ETL by API: An Antipattern – Pineview Technologies

ETL by API can be done well, but the reality is most of the time it is not. Why?

APIs were designed to back applications and allow for communication between two different systems. When REST (Representational State Transfer) became popular, the systems on either side of the API tended to be user applications. That makes sense considering API stands for Application Programming Interface.

As Data Engineering and Analytics have grown to become disciplines with teams devoted entirely to them, more teams are finding reasons to interact with APIs. Often those teams have not had much exposure to how API’s work or what problems they were designed to solve.

Here are some things to keep in mind when data engineers are working with APIs.
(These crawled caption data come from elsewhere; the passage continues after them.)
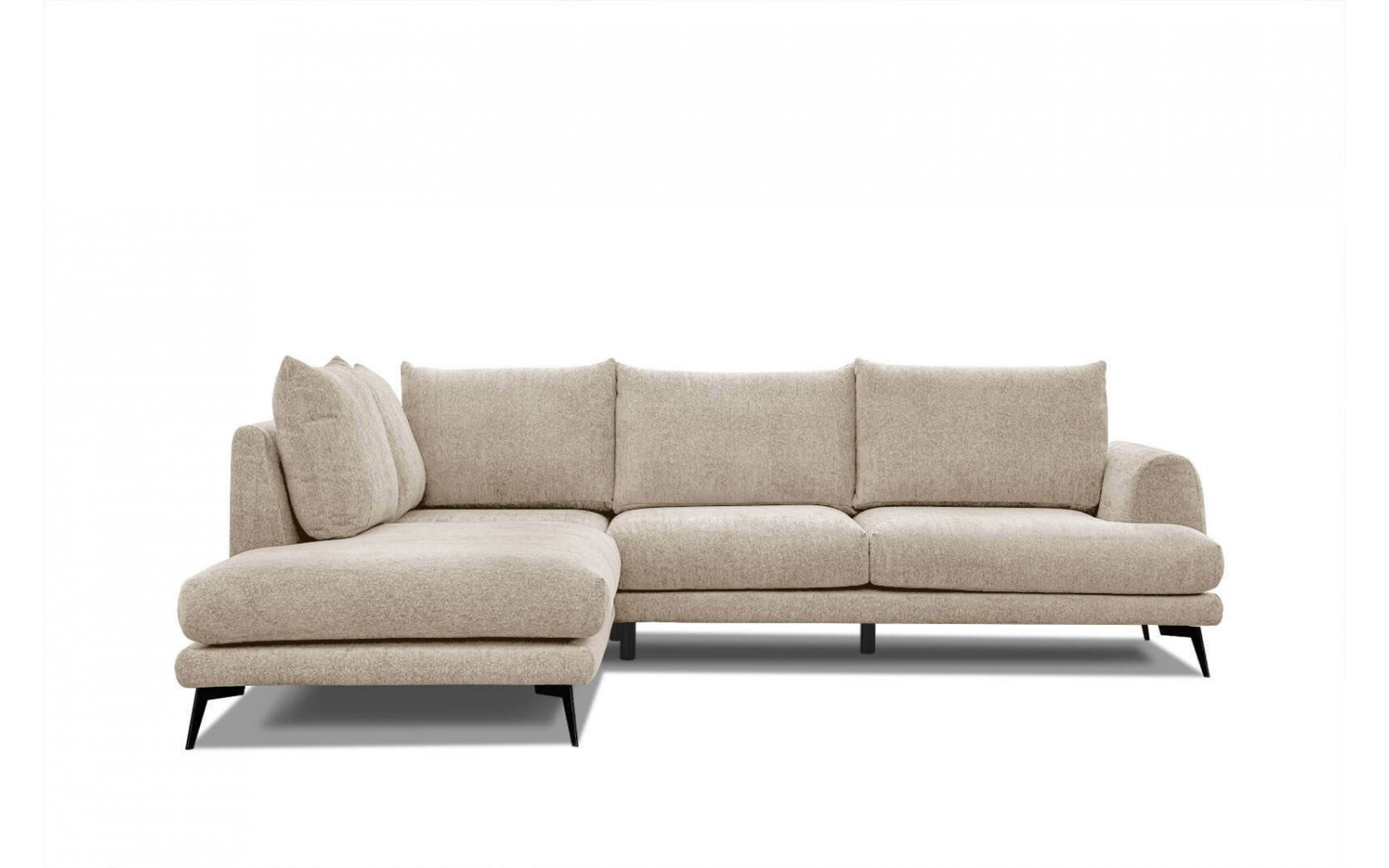 Ecksofa 5-Sitzer links Adria kaufen | Modernes Designersofa | Wozimo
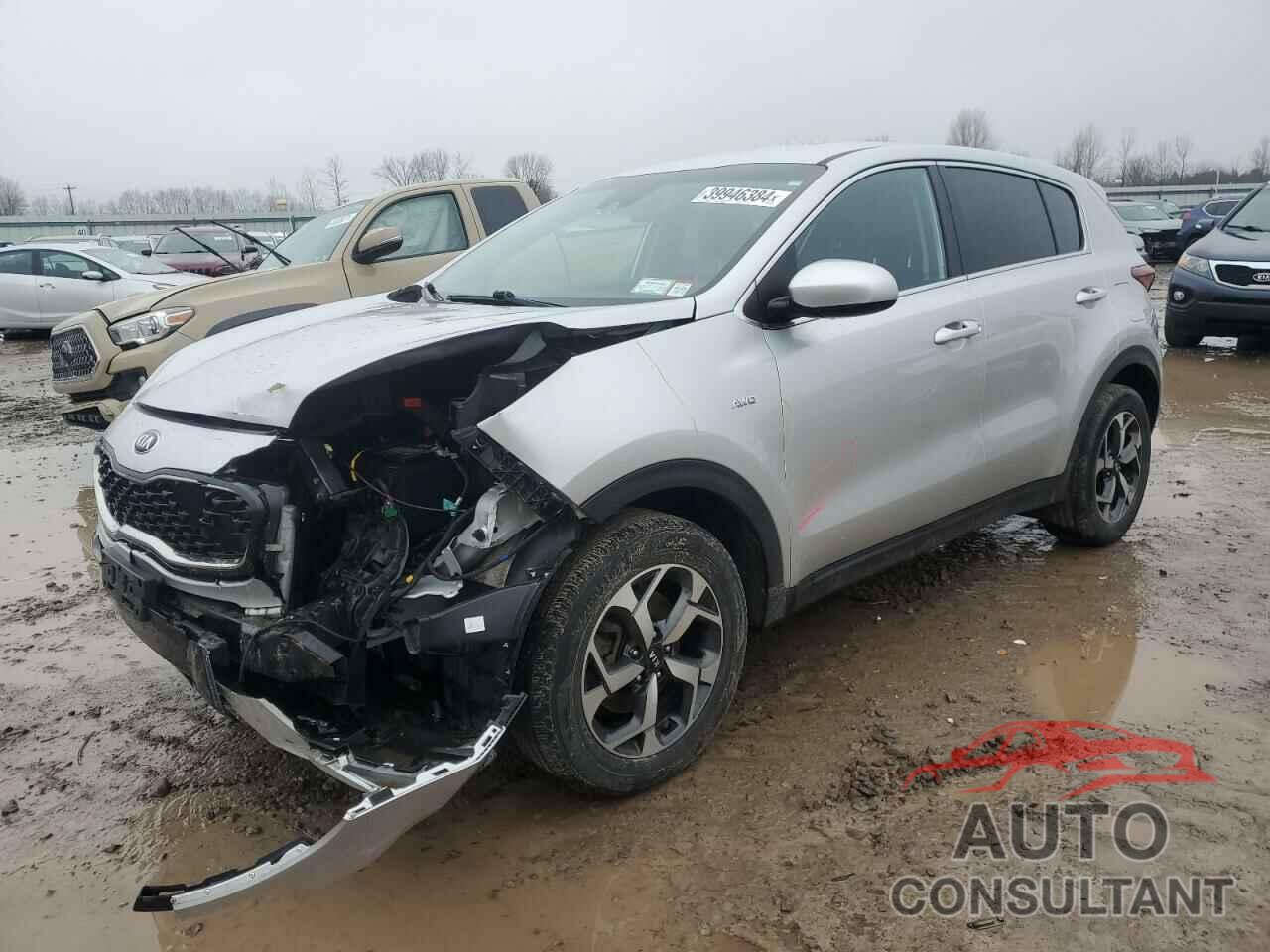 KIA SPORTAGE 2020 - KNDPMCAC6L7804344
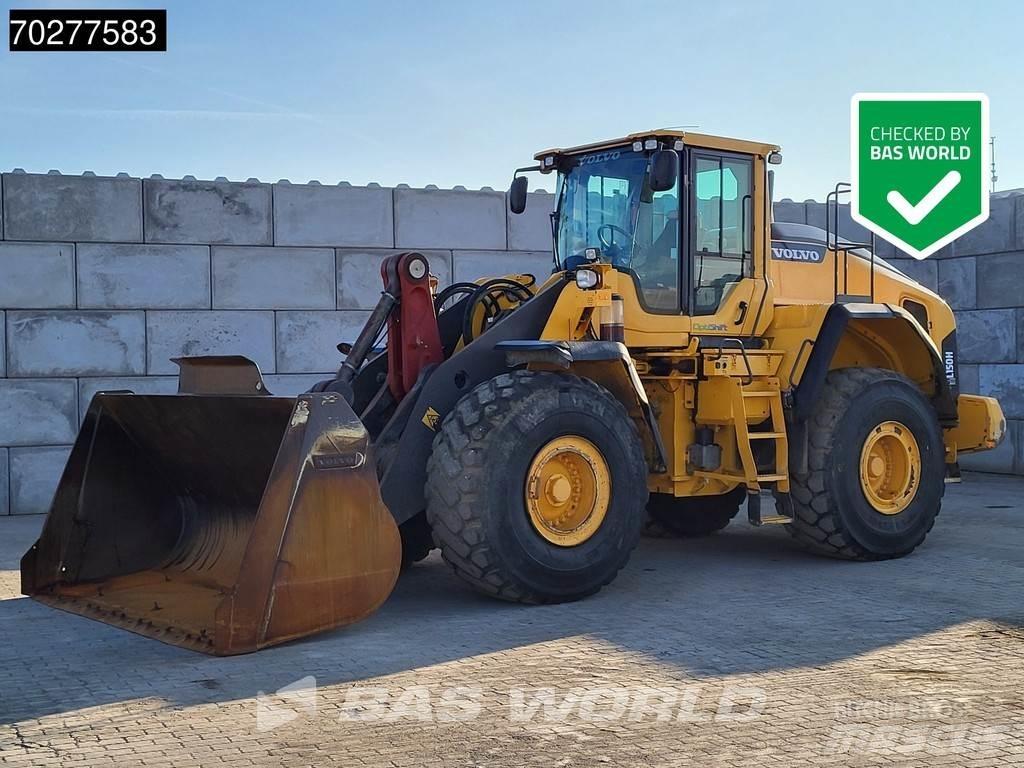 Volvo L150 H Læssemaskiner på hjul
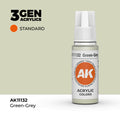 AK Interactive: 3G Acrylic Green-Grey (17ml)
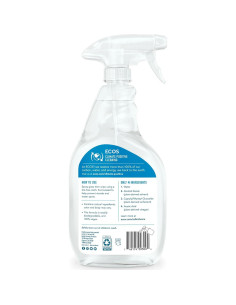 Limpiador de Ventanas ECOS con Vinagre 650 ml - Paquete de 3 2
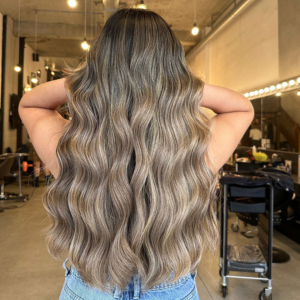 What’s her signature hairstyle?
An API’s result set is not a table. One API call may result in retrieving or updating (GET/PUT REST verbs) one row from a table, but it can also respond with an entire data model. There is no agreed upon standard for how API’s deal with data. For example, one company may have an API that allows you to hit a GET/customer/id=1 endpoint and they’d respond with a flattened JSON structure that looks similar to a row in a database table. Another company may have an API with the same endpoint that responds with a hierarchical JSON structure that includes several lists of items such as addresses, phone numbers, family members, and so forth. Each of those “entities” are probably stored in their own tables within the source database. That API would be pulling data from any number of tables and representing them in one “model” and often without the unique ID’s from the source database tables. The relationships are established through the hierarchical construct of the JSON response without providing information about foreign keys to the code that is “consuming that API”. Please note: many API’s do return information about foreign keys, but that pattern is often seen more with internal API’s that get used within a company and less often with API’s that are consumed by outside parties.

{
  "customerId": "CUST-001234",
  "firstName": "Jane",
  "lastName": "Doe",
  "email": "[email protected]",
  "dateOfBirth": "1987-04-12",

  "phoneNumbers": [
    {
      "type": "mobile",
      "number": "+1-555-123-4567"
    },
    {
      "type": "home",
      "number": "+1-555-987-6543"
    }
  ],

  "addresses": [
    {
      "type": "home",
      "street": "123 Oak Street",
      "city": "Springfield",
      "state": "IL",
      "postalCode": "62704",
      "country": "USA"
    },
    {
      "type": "work",
      "street": "500 Business Plaza",
      "city": "Springfield",
      "state": "IL",
      "postalCode": "62701",
      "country": "USA"
    }
  ]
}

An API is concerned with the size of the transmission. The “model” of the request/response often does not represent all of the fields that could be associated with an “entity”. For example, using the above example with the GET/customer/id=1 endpoint, if a customer did not have phone numbers in the database, the entire phone number node (aka “key-value pair”) of the JSON response is often eliminated entirely. It is the definition of the model within code that would fully represent the customer model, but the JSON responses don’t necessarily reflect all possible fields that would be associated with that entity. This is important for data engineers to understand because interacting with an API response from an API once or even several times is usually not enough to fully understand the complete model. It is important to rely on the API documentation, which is often incomplete or out of date. It is also important to talk with people who work at the company that maintains the API.
Loading a data warehouse or data lake by hitting an API through a series of GET requests is not the best approach. If you need to pull ten million rows from an online application and your plan is to ask for every single record GET request by GET request (RBAR or row by agonizing row), you will quickly find that you will not be able to accomplish that goal within a reasonable amount of time. You may also find that the 3rd party API you are consuming is implementing queueing or throttling functionality, and they will only allow you to extract so much data in a certain amount of time. Again, you need to rely on the API documentation and you may also need to have a conversation with the company maintaining that API to understand if they have an undocumented API or some other way that you can make a bulk request to get that data instead.
“No SQL” / document databases exist because people want to save complex hierarchical JSON without worrying about the full model underlying that JSON structure. For many use cases, it’s a fancy way to kick the can down the road and delay doing the hard work of deciding what data is really needed. It’s no coincidence that these types of databases are expensive to extract data from.
APIs routinely have new versions released. Schema changes would be expected during these version upgrades, but ideally they would not occur outside of a version upgrade.

Cyndi